Homélie Premier dimanche de carême – A Dimanche 26 février 2023

Matthieu 4, 1-11

En ce temps-là, Jésus fut conduit au désert par l’Esprit pour être tenté par le diable. Après avoir jeûné quarante jours et quarante nuits, il eut faim. Le tentateur s’approcha et lui dit : « Si tu es Fils de Dieu, ordonne que ces pierres deviennent des pains. » Mais Jésus répondit : « Il est écrit : L’homme ne vit pas seulement de pain, mais de toute parole qui sort de la bouche de Dieu. » Alors le diable l’emmène à la Ville sainte, le place au sommet du Temple et lui dit : « Si tu es Fils de Dieu, jette-toi en bas ; car il est écrit : Il donnera pour toi des ordres à ses anges, et : Ils te porteront sur leurs mains, de peur que ton pied ne heurte une pierre. » Jésus lui déclara : « Il est encore écrit : Tu ne mettras pas à l’épreuve le Seigneur ton Dieu. » Le diable l’emmène encore sur une très haute montagne et lui montre tous les royaumes du monde et leur gloire. Il lui dit : « Tout cela, je te le donnerai, si, tombant à mes pieds, tu te prosternes devant moi. » Alors, Jésus lui dit : « Arrière, Satan ! car il est écrit : C’est le Seigneur ton Dieu que tu adoreras, à lui seul tu rendras un culte. » Alors le diable le quitte. Et voici que des anges s’approchèrent, et ils le servaient.


Chers Frères et Sœurs,

L’avez-vous remarqué ? Jésus vient d’être baptisé, il a reçu l’Esprit de Dieu descendu sur lui comme une colombe, il a entendu la voix du Père venant du ciel, disant : Celui-ci est mon Fils bien-aimé, en qui je trouve ma joie.

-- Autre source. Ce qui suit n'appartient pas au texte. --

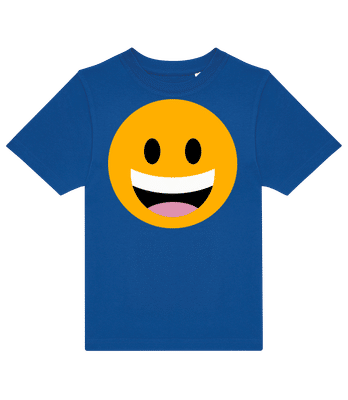 Laughing Smiley Open Eyes - Kinder T-Shirt B&C - Royalblau - Vorne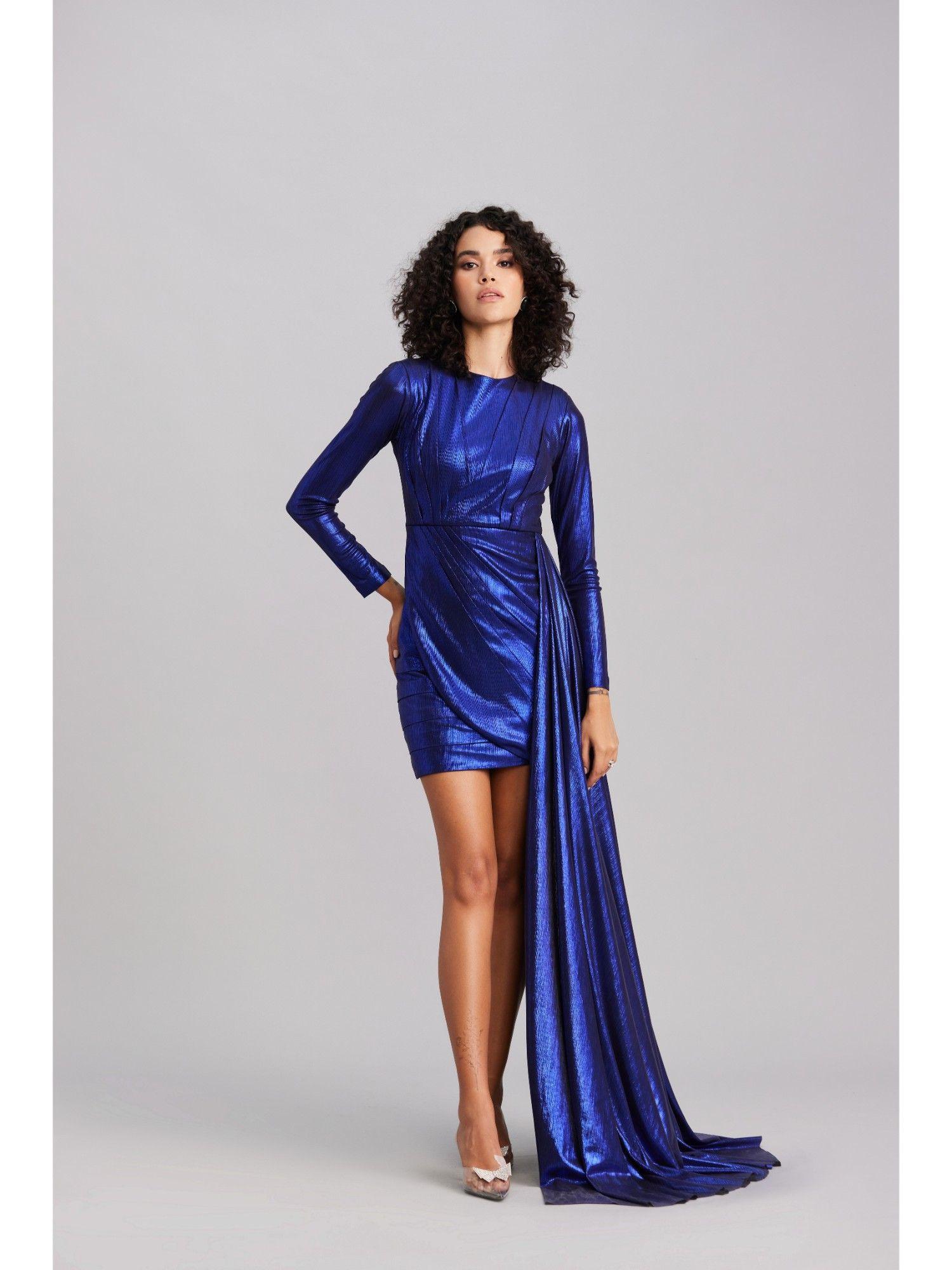 metallic blue drape dress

Il est alors conduit au désert par le même Esprit où, bien que Fils de Dieu, il sera tenté tel un homme, tel tout homme. Comme pour chaque homme, la tentation revêt pour Jésus une triple expression, chacune épousant un besoin vital de notre condition : l’avoir, cherchant à combler nos faims ; le paraître, pour assouvir notre soif de reconnaissance ; et le pouvoir, pour dominer le monde et le prochain.
Au désert, Jésus a jeûné quarante jours et quarante nuits, comme Moïse l’avait fait au Sinaï avant d’écrire les tables de la première Alliance, les dix paroles. Ayant ainsi jeûné, Jésus eut faim. Le tentateur s’approche de lui et lui demande de transformer des pierres en pains. Jésus connaît la sensation physique de la faim comme chacun l’éprouve un jour. Mais il annonce que Dieu donne une nourriture plus désirable que le pain : sa Parole qui nourrit en chacun la vie avec Dieu, la vie éternelle.
Et nous ? Quels moyens ne dépensons-nous pas pour satisfaire nos faims ? Faim de pain, désir de confort, besoin d’accumuler les biens, les loisirs, les écrans en tout genre, les voitures, les maisons, les voyages. Des tentations qui éteignent à petit feu la confiance sans borne que le Seigneur attend de nous, et étouffent peu à peu en nous le sens de la gratuité pour les autres et pour Dieu. Pour lutter contre ce penchant possessif, comme Jésus et avec lui, vivons du pain quotidien qu’est la parole du Dieu incarné.
Tentation du paraître. Le malin propose à Jésus de se jeter du haut du temple pour provoquer Dieu : qu’il accomplisse un acte extraordinaire, un miracle qui attirerait l’attention sur Jésus et lui ferait sa publicité. Jésus n’est pas venu, tel un puissant gourou, pour séduire hommes et femmes en les contraignant. Combien de fois, nous aussi, n’attendons-nous pas des signes spectaculaires de la part du Seigneur, à la façon dont les pharisiens, eux aussi, attendaient des signes ? Or Dieu n’est pas au service de nos ambitions. On ne le manipule pas. Le Seigneur nous appelle à la mission sans nous demander d’exploiter le goût du merveilleux, ni le besoin de religieux de nos semblables. Il ne nous demande pas d’ériger une Église puissante, triomphante et conquérante. Pour déjouer cette tentation, il attend que nous L’aimions, Lui et nos frères, d’un amour humble et entier, qui se donne si possible jusqu’au bout ; pour Jésus, jusqu’à la Croix.
Tentation du pouvoir enfin. Le malin amène Jésus sur une très haute montagne d’où il lui montre tous les royaumes de la terre. Il les lui promet si Jésus accepte de l’adorer. Le diable prend alors le visage de la puissance, de la toute-puissance où tout pouvoir enferme quand il est exercé pour lui-même. L’actualité nous en livre une très triste illustration. Aussi et surtout, tout pouvoir religieux qui n’est pas vécu comme un service et devient adoration de soi-même : l’idolâtrie. Jésus devra ainsi lutter contre la tentation des hommes à vouloir faire de lui un roi puissant qui libérerait d’une domination terrestre.
Pour Jésus, seul Dieu est digne d’adoration.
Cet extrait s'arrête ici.